Plenty of contemporary artists work in styles that are meant to challenge our notions of beauty. It is commonplace now. Not so much then. While this is important, what’s more crucial is the fact that Guston chose to use loaded symbols in a naïve manner because he was gunning for results only specific juxtaposition could yield. It is at that junction that the work exceeds where so many others fail. By way of contrast, let’s imagine the work of Cy Twombly, whose paintings can be exceedingly cryptic and whose paint application can be described as scribbly, child-like, whatever. Birds of a feather? I think not.

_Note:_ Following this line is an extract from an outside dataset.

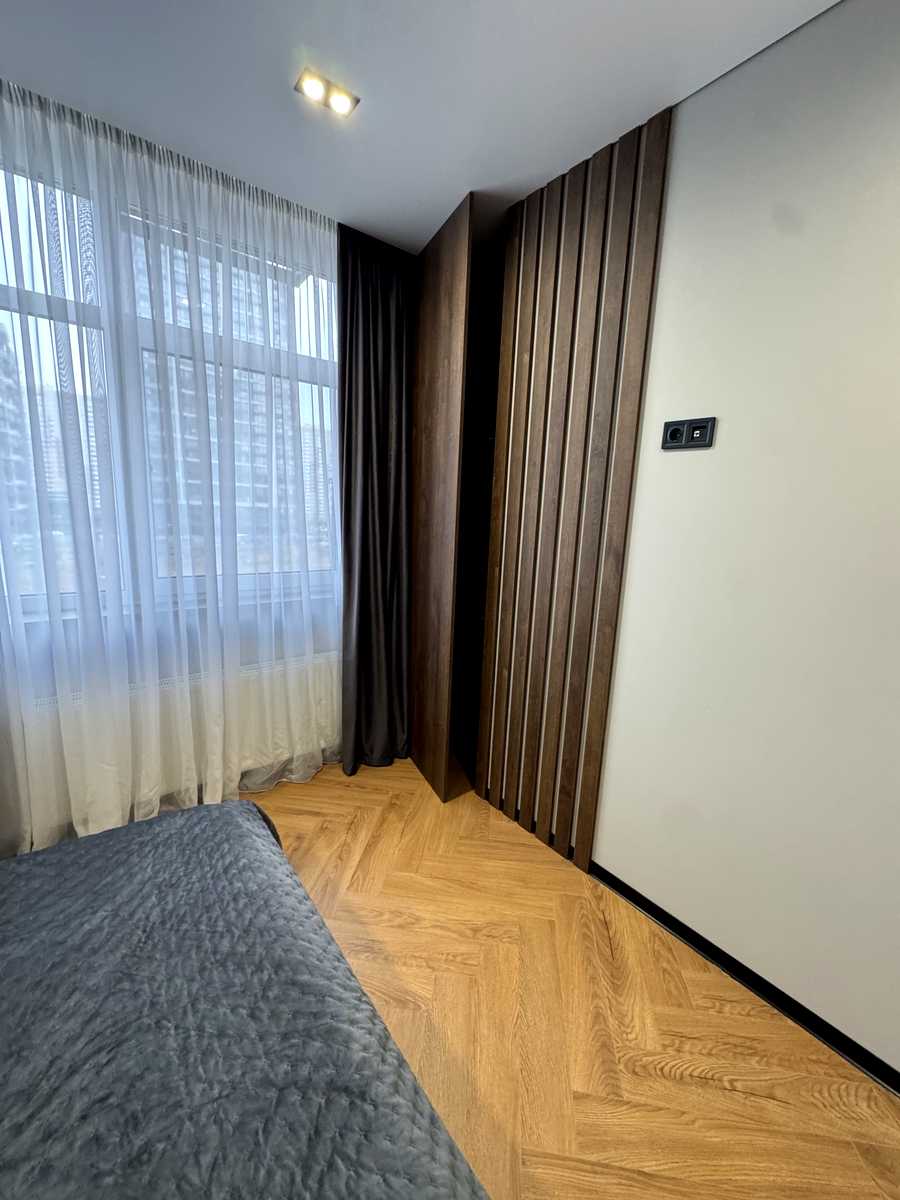 1879002875267943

It is inconceivable that a whisky bottle, or a boot, or any whiff of banality at all could show up on Twombly’s surface — he never leaves the realm of the cerebral, no matter how loose or immediate his mark-making. Guston, by allowing for the inclusion of the banality into the language of his paintings, avoids this pitfall. To achieve this, he had to leave the realm of high modernism. He knew the best place he had to mine was his own life, rife with turmoil, both generational and personal. So much has been written about his Jewish heritage, his ancestors’ fleeing pogroms, his father’s suicide, his penchant for personal vices. I would argue all of this is always present in all of his work, from the early figurative murals to his nonobjective phase, but most clearly in his later years. 

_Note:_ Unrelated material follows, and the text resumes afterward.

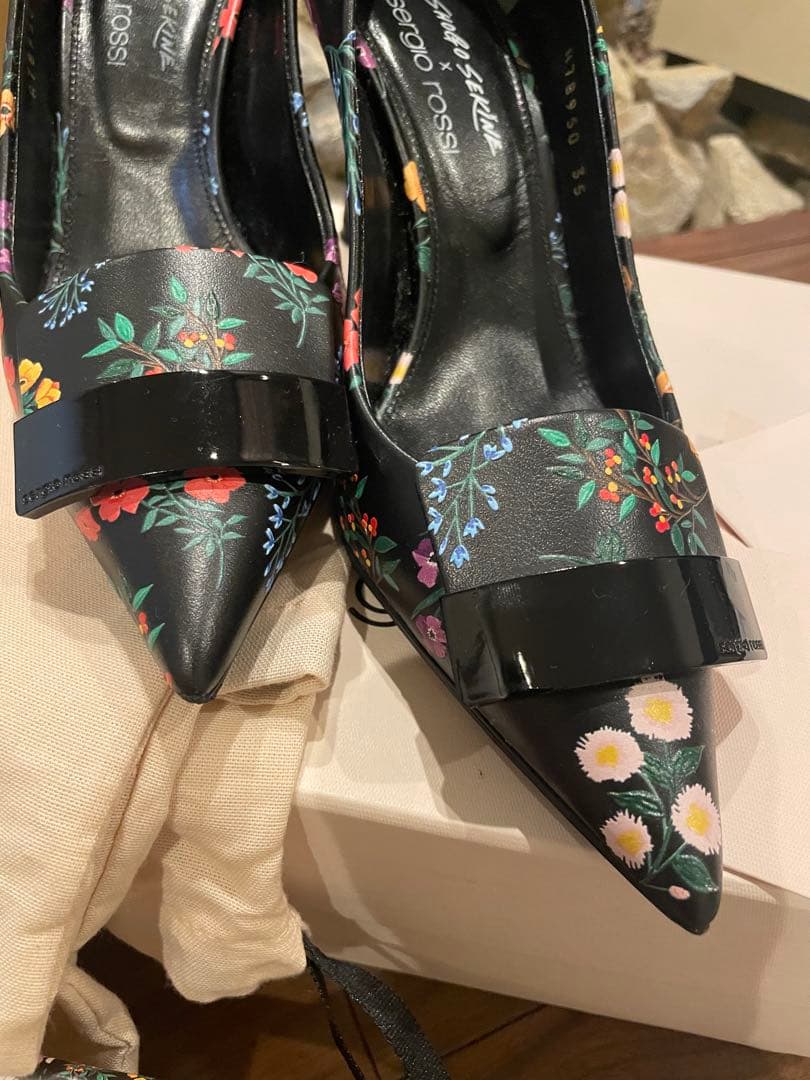 ✨極美品✨セルジオロッシ×ショウゴセキネ コラボ sr1 パンプス - メルカリ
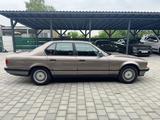 BMW 730 i  Oldtimer H - BMW 7er Reihe mit Benzin-Antrieb: Limousine, Automatik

What I get from Guston is a clear voice describing humanity itself. We are creatures that have evolved into a head space that is capable of reason and introspection, with absolutely no idea of why we are what we are. If modern art was once heralded as a surrogate for anachronistic religion, Guston’s trajectory through that ruse was about as cutting edge as can be imagined. Clear away the poppycock and we are left with an existence too often defined in terms of conflict. Klansmen (or any other boogeymen) are stand-ins for all of us, as Guston knows. In The Studio, from 1968, the artist paints himself as a Klansman, sitting in front of an easel, painting a Klansman. This is his way of suggesting, “Hey, this is you, too. These paintings are your life, too.” I never once felt even close to that looking at Twombly. 

A photo featuring large-scale figurative paintings installed on a gray wall.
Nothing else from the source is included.